BlacKkKlansman è un film del 2018, diretto da Spike Lee.

Ad un certo punto era legittimo dubitare, anzi potevamo dirlo senza troppi giri di parole che l’avevamo perso. Aveva smarrito la strada, forse anche l’estro, con quel pastrocchio di Miracolo a Sant’Anna e quell’evitabilissimo remake di Oldboy. Un primo segnale di ritorno ce l’ha dato con quel folle gioiellino che è Il Sangue di Cristo, ma ora si può gridarlo ai quattro venti: Spike Lee è tornato. Con BlacKkKlansman è riuscito a firmare un’opera matura, dinamica, forte di quella freschezza che dovrebbe essere ad appannaggio di un giovane autore. Il signor Lee (salvo che da oggi non si metta in discussione il conto) ha dalla sua sessantuno primavere, continua a fare cinema  di pancia e cuore, con lo stesso entusiasmo con cui segue i suoi New York Knicks. Il che, dispiace dirlo, lo rende de facto un testardo amante delle cause perse; ma è proprio questa sua inamovibilità, questo suo abuso di punti esclamativi, lettere maiuscole e rifiuto di puntini di sospensione ad aver reso BlacKkKlansman un magnifico lascito ai posteri cinefili e un modernissimo manuale d’uso per la rivoluzione.

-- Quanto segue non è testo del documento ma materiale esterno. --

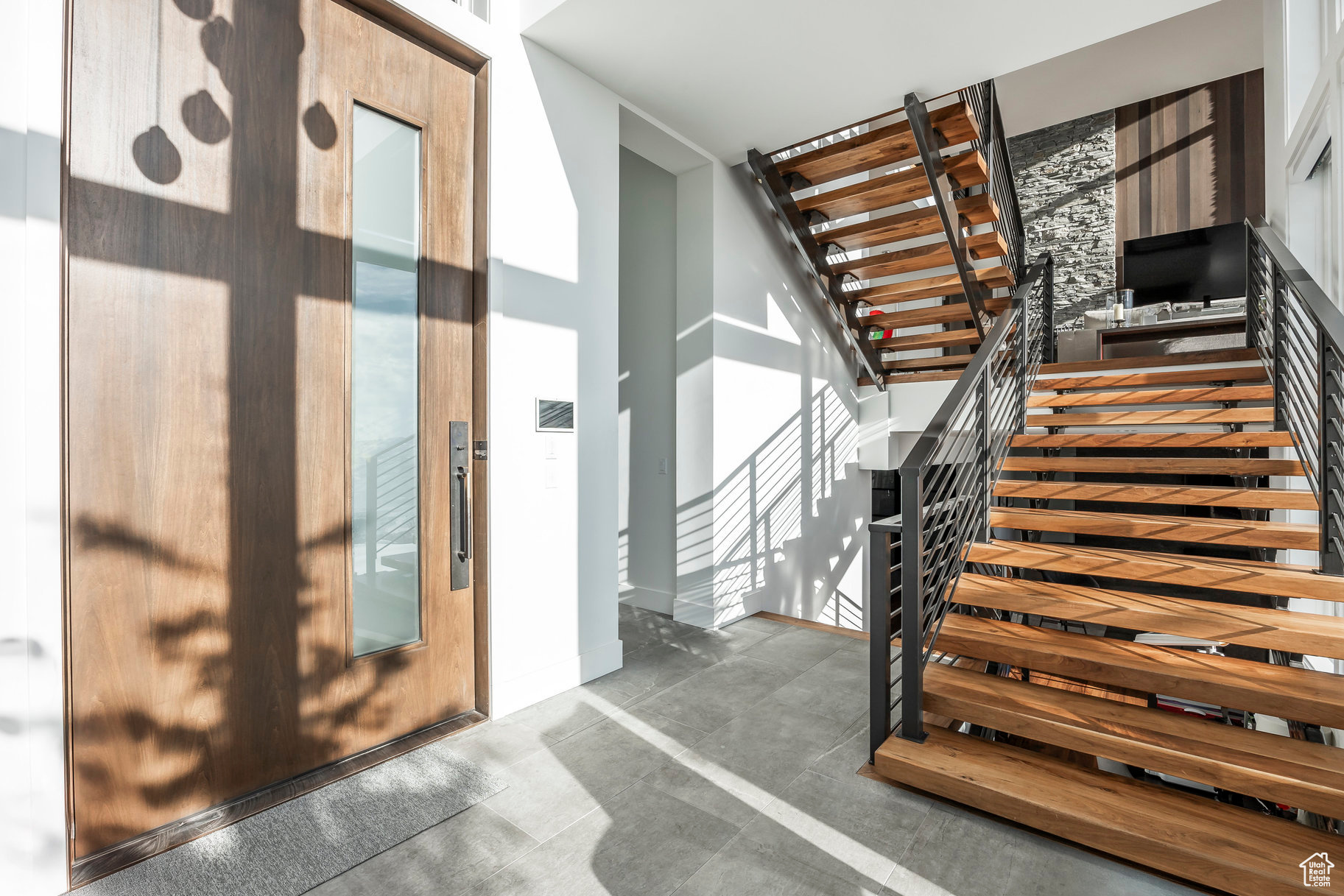 2908 W DEER POINTE DR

La storia “fottutamente vera” di Ron Stallworth (John David Washington), primo afroamericano ad entrare nella polizia di Colorado Springs, comincia con un annuncio sul giornale: il KKK sta cercando nuovi adepti da reclutare. Ron non ci pensa su un secondo, alza la cornetta e compone il numero, entrando così in contatto con un’importante cellula di suprematisti bianchi. Come ampiamente anticipato in questi mesi di attesa, il tono con cui quest’avventata operazione inizia è all’insegna dell’ironia. Il personaggio di Ron prende un’iniziativa individuale, dopo essere stato costretto per mesi a lavorare in archivio e successivamente a spiare in incognito un comitato di studenti di colore. Il suo partner Flip Zimmerman (Adam Driver), uomo designato a fare le sue veci negli incontri con il KKK, è buffamente inadatto quanto lui a fare l’infiltrato, essendo ebreo. Non è tanto il loro non essere bianchi puri a renderli gli esseri più simili in questa delicata situazione, quanto il loro rifiuto ad avere un qualsivoglia senso di appartenenza che non sia quello alla cosa giusta. Spike Lee, con BlacKkKlansman, ci traghetta in un contesto estremamente dettagliato e stratificato, mai fin troppo soggettivo o di parte.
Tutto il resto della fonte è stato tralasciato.